I'm relishing (no pun intended) my times late into the night and in the wee hours of the morning pickling, canning, preserving, freezing and fermenting. Any 2-4 hours I can grab to put up our harvest is taken opportunity of. Those late nights and early mornings offer me surefire times where I can work in undisturbed quiet.
Our garden harvest isn't magnificent, like those in Amish novels, where canning is an August through October marathon and shelves bow under the weight of a thousand filled mason jars. But, it is a welcomed abundance. To feed our family through a winter, I would need a garden at the very least twice as large. Regardless, every little bit is welcomed and produce donations from family and neighbor gardeners as well as inexpensive roadside purchases helps fills our shelves and gives us a taste of that sense of security and accomplishment our foreparents felt.

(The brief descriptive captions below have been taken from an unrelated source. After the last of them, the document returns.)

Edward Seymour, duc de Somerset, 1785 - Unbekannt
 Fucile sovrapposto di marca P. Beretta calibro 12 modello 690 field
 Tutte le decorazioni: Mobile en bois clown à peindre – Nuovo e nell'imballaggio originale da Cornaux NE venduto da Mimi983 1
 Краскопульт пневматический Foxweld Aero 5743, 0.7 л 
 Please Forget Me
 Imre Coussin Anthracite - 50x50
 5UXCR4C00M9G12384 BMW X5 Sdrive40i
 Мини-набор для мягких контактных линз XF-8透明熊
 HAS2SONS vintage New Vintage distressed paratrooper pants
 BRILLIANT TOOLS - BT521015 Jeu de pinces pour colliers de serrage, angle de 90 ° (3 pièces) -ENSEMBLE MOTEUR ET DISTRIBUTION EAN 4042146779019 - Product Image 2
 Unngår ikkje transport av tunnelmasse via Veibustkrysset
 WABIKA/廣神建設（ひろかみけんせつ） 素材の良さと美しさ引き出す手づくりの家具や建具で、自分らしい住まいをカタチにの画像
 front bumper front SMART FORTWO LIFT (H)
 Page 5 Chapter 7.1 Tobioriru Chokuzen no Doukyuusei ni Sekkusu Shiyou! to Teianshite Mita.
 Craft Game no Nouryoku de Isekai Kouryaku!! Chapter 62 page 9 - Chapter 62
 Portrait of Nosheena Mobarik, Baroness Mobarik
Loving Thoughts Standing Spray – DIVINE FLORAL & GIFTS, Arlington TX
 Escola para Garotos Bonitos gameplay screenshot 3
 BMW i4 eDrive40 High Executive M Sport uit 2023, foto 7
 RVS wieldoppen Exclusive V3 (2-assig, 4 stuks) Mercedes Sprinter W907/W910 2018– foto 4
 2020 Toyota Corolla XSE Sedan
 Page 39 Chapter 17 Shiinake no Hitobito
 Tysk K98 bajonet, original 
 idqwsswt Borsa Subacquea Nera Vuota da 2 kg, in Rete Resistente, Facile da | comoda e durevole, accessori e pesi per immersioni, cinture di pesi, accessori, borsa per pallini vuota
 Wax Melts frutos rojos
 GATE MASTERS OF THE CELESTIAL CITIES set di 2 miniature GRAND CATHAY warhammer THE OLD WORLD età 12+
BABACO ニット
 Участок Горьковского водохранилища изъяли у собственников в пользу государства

While I've frozen foods and water bath canned for decades now, pressure canning is a more recent feat, having started doing it only 5 or 6 years ago. This year, though, my newest venture is fermenting. The local produce stand cradled large, tight heads of beautiful green cabbages for a mere $2.00 each. I grabbed a jolly one, brought it home, pulled out Nourishing Traditions by Sally Fallon and Reader's Digest Back to Basics, and sliced into that thick head. After hours of sitting and pounding, I finally got enough juices out of that cabbage to weight it, cover it and set it on my dinging room hutch. My kitchen gets too hot and cluttered to keep it still and safe. As a result, the occasional waft of fermentation reaches our noses. From a distance, it can be as stinky as a distant dirty diaper or rotting mouse carcass, but venture close to the bowl, place nose to towel and sniff and it is delicious sauerkraut, no doubt about it. Here's hoping it stays that way and fermentation completes without spoilage.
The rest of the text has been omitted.